Aggregation

When you combine data from many different sources or times in order to lower the possibility of a single individual being identified.

Augment

When a machine, software, or function extends a person’s abilities or potential while maintaining their agency.

Automate

When a machine, software, or function performs a task without user involvement.

Binary Classification

Binary classification: when an ML model predicts if an example falls into one category or another based on a set of features.

Classification

When a machine learning model identifies an object. In response to an identification question, the simplest classification is “yes” or “no”. For example, if a model was shown a picture of a cat, it could classify it as “Cat”, or “Not a cat”. More complex classifications are sorting items into one of several groups.

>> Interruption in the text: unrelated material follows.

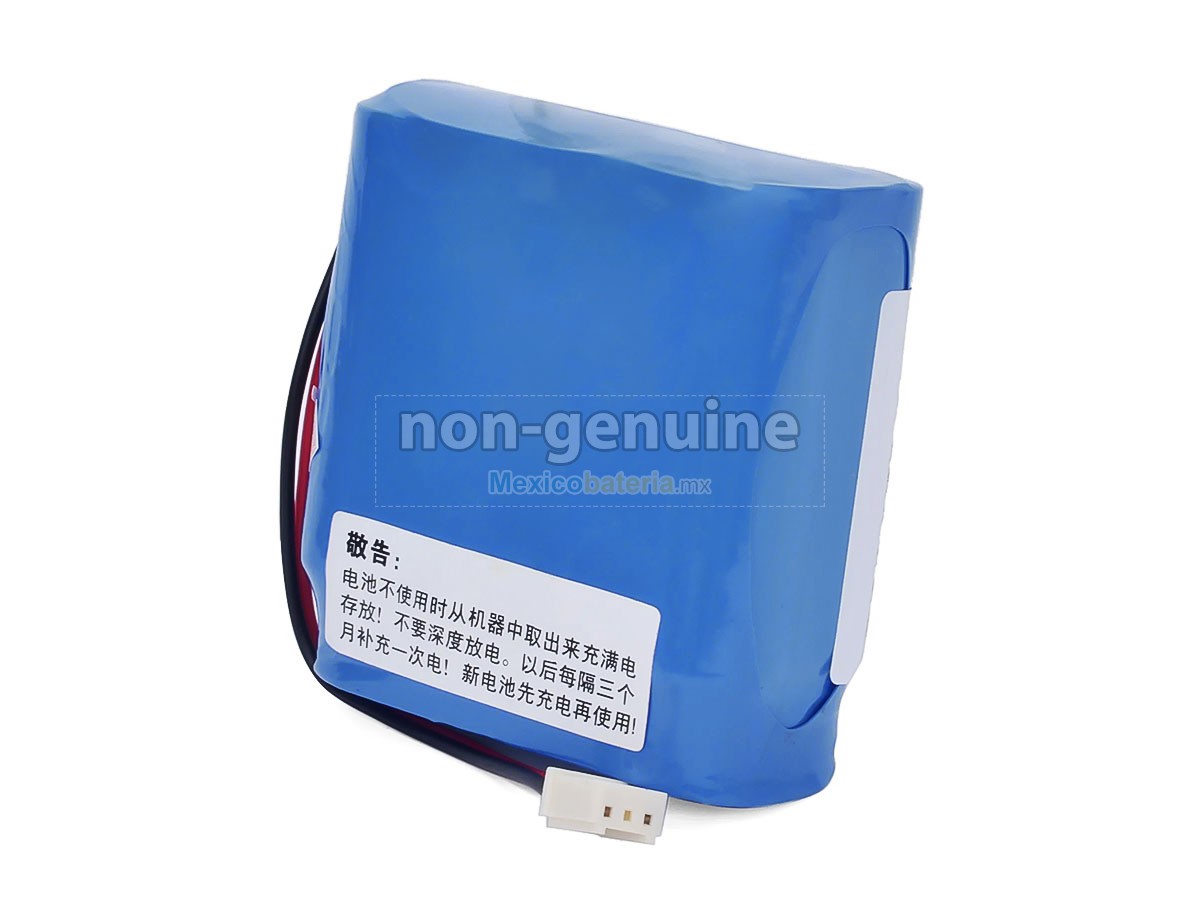 batería para Panasonic P-600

Confidence Level, Model Confidence

The confidence level for a model is a statistical measure of how certain a prediction or outcome is.

Context Errors

Situations when the product output doesn’t make sense in the user’s current context. Often, this output is perceived as irrelevant by the user.

Counterfactuals

Rationale for why something is classified as not within the given class. Usually in the form of a statement of how the world would have to be different for a desirable outcome to occur.

Data Cascades

Compounding events that cause negative, downstream effects from data issues, and result in technical debt over time.

Data Collection and Labeling

How product teams get the data they need and apply meaningful labels to it. For example: acquiring millions of images of cats and dogs correctly labeled as “cat” or “dog”.